4.1.2. Accords régionaux en Afrique
Ces dernières années, un nombre d’accords régionaux visant le contrôle des armes ont été signés en Afrique :
* Le Protocole de Nairobi sur les armes légères, un instrument juridiquement contraignant adopté en 2004 qui s'applique aux 12 États de l'Afrique centrale et orientale. Le Protocole est entré en vigueur le 5 Mai 2006. [Nbsp] Pendant ce temps, le Centre régional pour les armes légères (RECSA), prévue en elle, a été mis en place.
* La convention ECOSAP, adoptée par la CEDEAO (Communauté économique des Etats de l'Afrique, qui regroupe 15 pays), le 14 Juin 2006. Elle est le résultat d'un processus entamé avec un moratoire de trois ans sur les transferts et la fabrication des armes légères et de leurs munitions en oeuvre en 1998, renouvelé et désormais transformé en un permanent de la Convention. Il s'agit d'un accord juridiquement contraignant, dont le texte, reconnu comme l'un des plus avancés dans le domaine, a été préparé avec l'assistance de la société civile.
* Dans la Communauté pour le Développement de l’Afrique Australe (SADC), le protocole sur le contrôle des armes à feu, munitions et autres matériels connexes, adoptée en août 2001. Son objectif principal est de prévenir, combattre et éradiquer la fabrication illicite d'armes à feu, munitions et autres matériels connexes. Elle vise aussi à réglementer l'importation et l'exportation des armes légères légales et donc freiner le transit de ces armes vers et à l'intérieur de la région. Le Protocole vise à l'harmonisation des législations nationales dans les États membres sur la région.

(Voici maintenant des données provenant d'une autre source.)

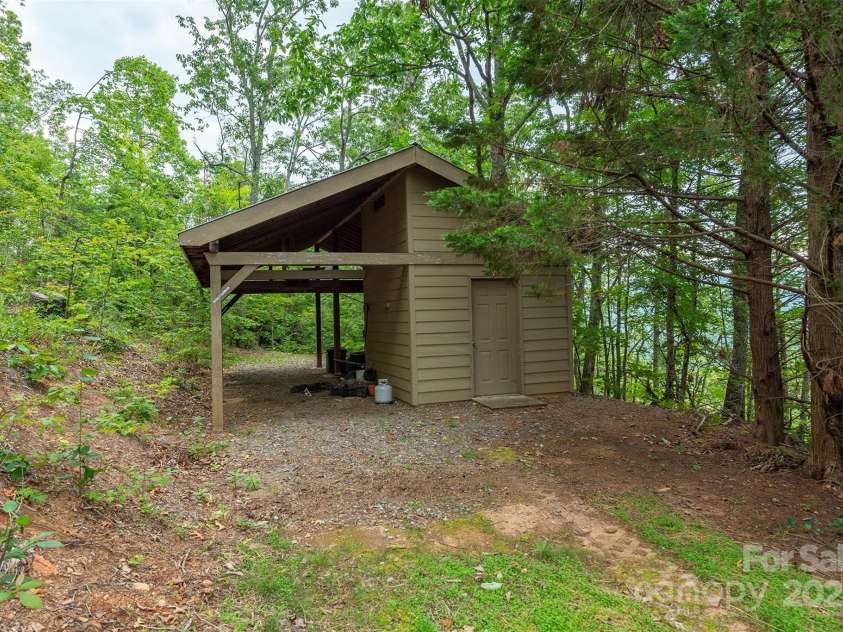 4 Galax Lane, Black Mountain, NC 28711.  MLS# CAR4286030, YatesRealty ID 29947. Shed/carport, tucked away w/level driveway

4.1.2. Le Traité sur le Commerce des armes (TCA) à l'Organisation des Nations Unies
Après des années de collaboration et de travail entre la société civile et les gouvernements, et de nombreux débats au sein des Nations Unies, enfin, en Octobre 2009, l'Assemblée générale des Nations Unies a convenu d'un calendrier pour établir un traité sur le commerce des armes (TCA) "fort et robuste" avec des «normes communes» pour contrôler les transferts internationaux d'armes classiques.

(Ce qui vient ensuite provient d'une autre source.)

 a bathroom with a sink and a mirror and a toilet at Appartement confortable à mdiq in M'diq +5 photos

Actuellement, il n'existe pas de règlement global pour le commerce des armes. La résolution sur le TCA reconnait que les transferts internationaux d'armes contribuent à des conflits armés, des déplacements de personnes, au crime organisé et à des actes terroristes, qui sapent la paix, la sécurité et le développement durable.
Cet accord signifie que le TCA sera négocié dans une série de réunions et sera conclu lors d'une conférence des Nations unies en 2012. On prévoit que le traité qui en résultera demandera aux États de réglementer rigoureusement les transferts internationaux, conformément à des principes fondés sur le droit international, ce qui pourra réduire considérablement les coûts humains associés à la prolifération des armes classiques.
AEFJN se joint à la société civile dans les pays, d’Afrique et d’Europe, pour qu’un traité solide et efficace soit accepté en 2012. Il est vital de maintenir la pression devant les gouvernements pour un traité solide, et de ne pas permettre à une minorité d'Etats de bloquer le processus.